Data excerpt –
'''

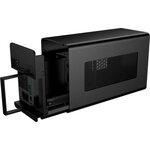 Boitier Externe GPU - RAZER - Lecteur externe de carte graphque RTX30XX - RTX20XX - Black - Chroma RGB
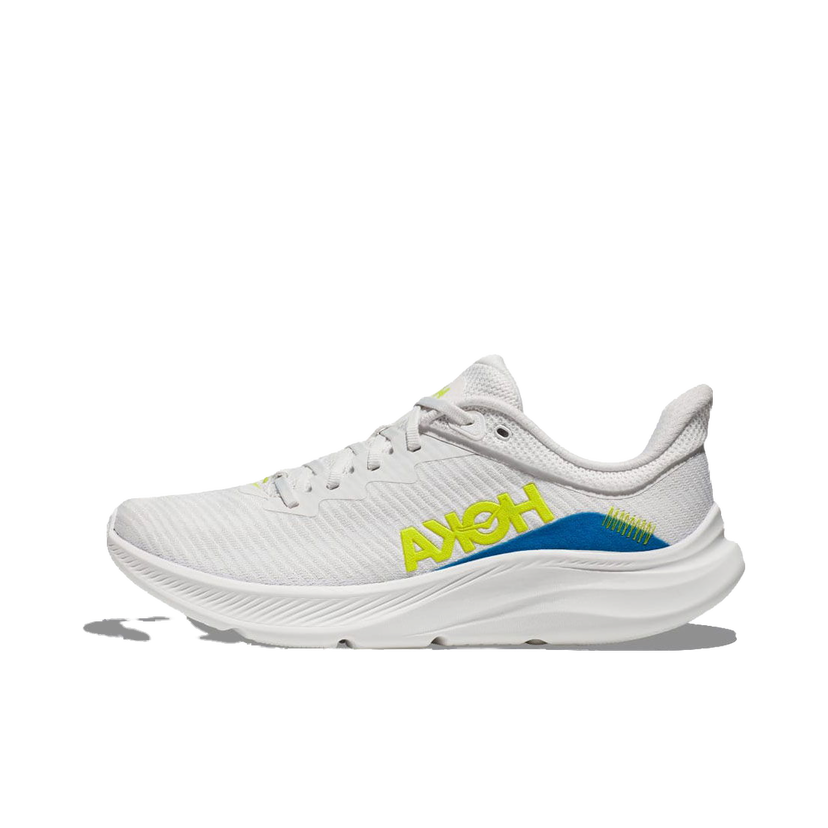 Løbe Hoka One One Solimar Hvid | 1123074-BDBDB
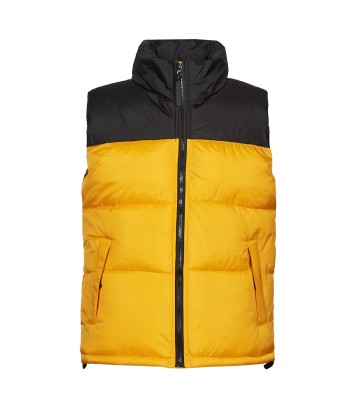 Doudounes hommes Yurban BEY Jaune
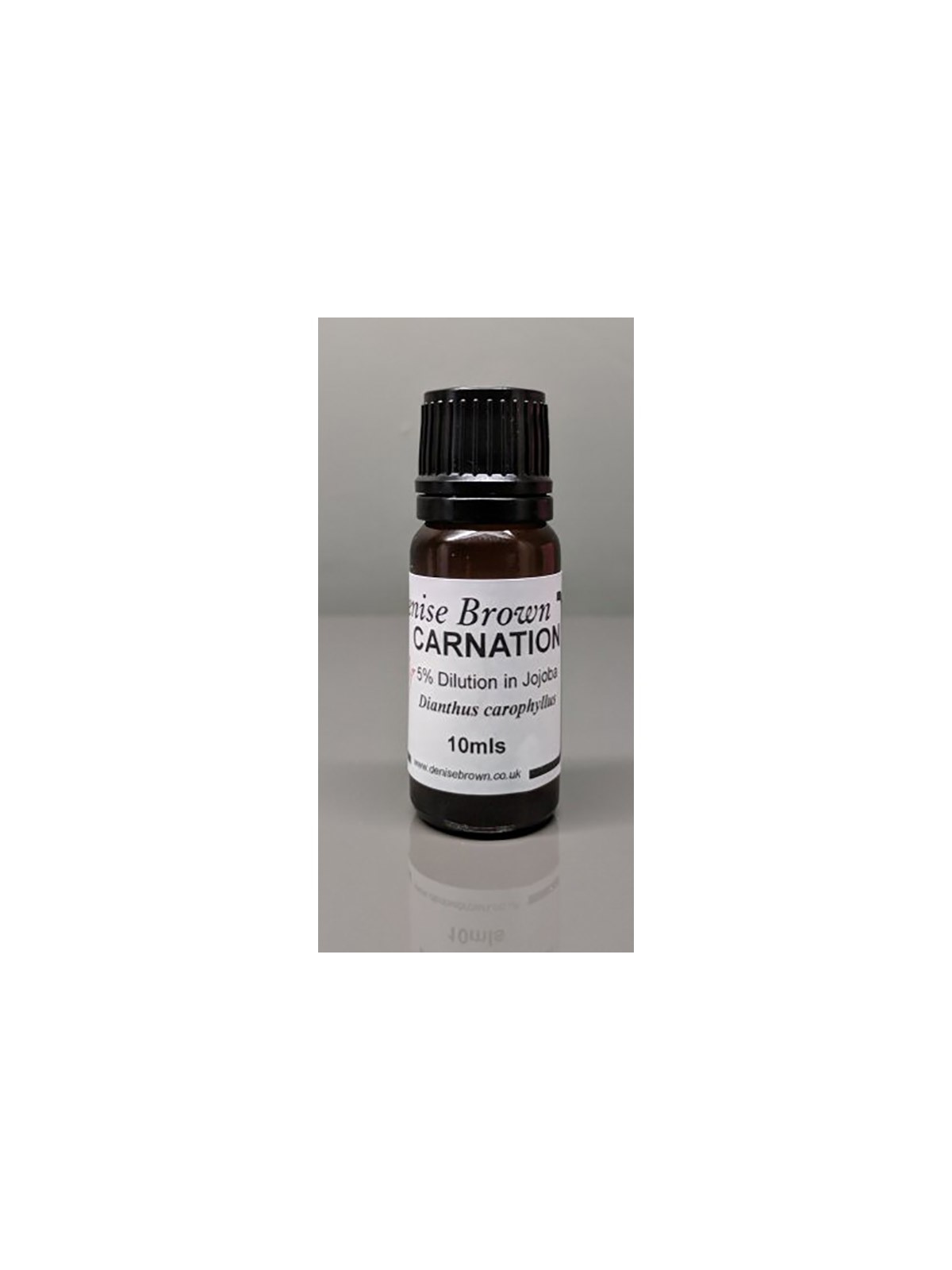 Carnation Absolute Dilution Essential Oil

'''

Exercise description –
Output each line above exactly as it stands, omitting the pictures.

Solution –
 Boitier Externe GPU - RAZER - Lecteur externe de carte graphque RTX30XX - RTX20XX - Black - Chroma RGB
 Løbe Hoka One One Solimar Hvid | 1123074-BDBDB
 Doudounes hommes Yurban BEY Jaune
 Carnation Absolute Dilution Essential Oil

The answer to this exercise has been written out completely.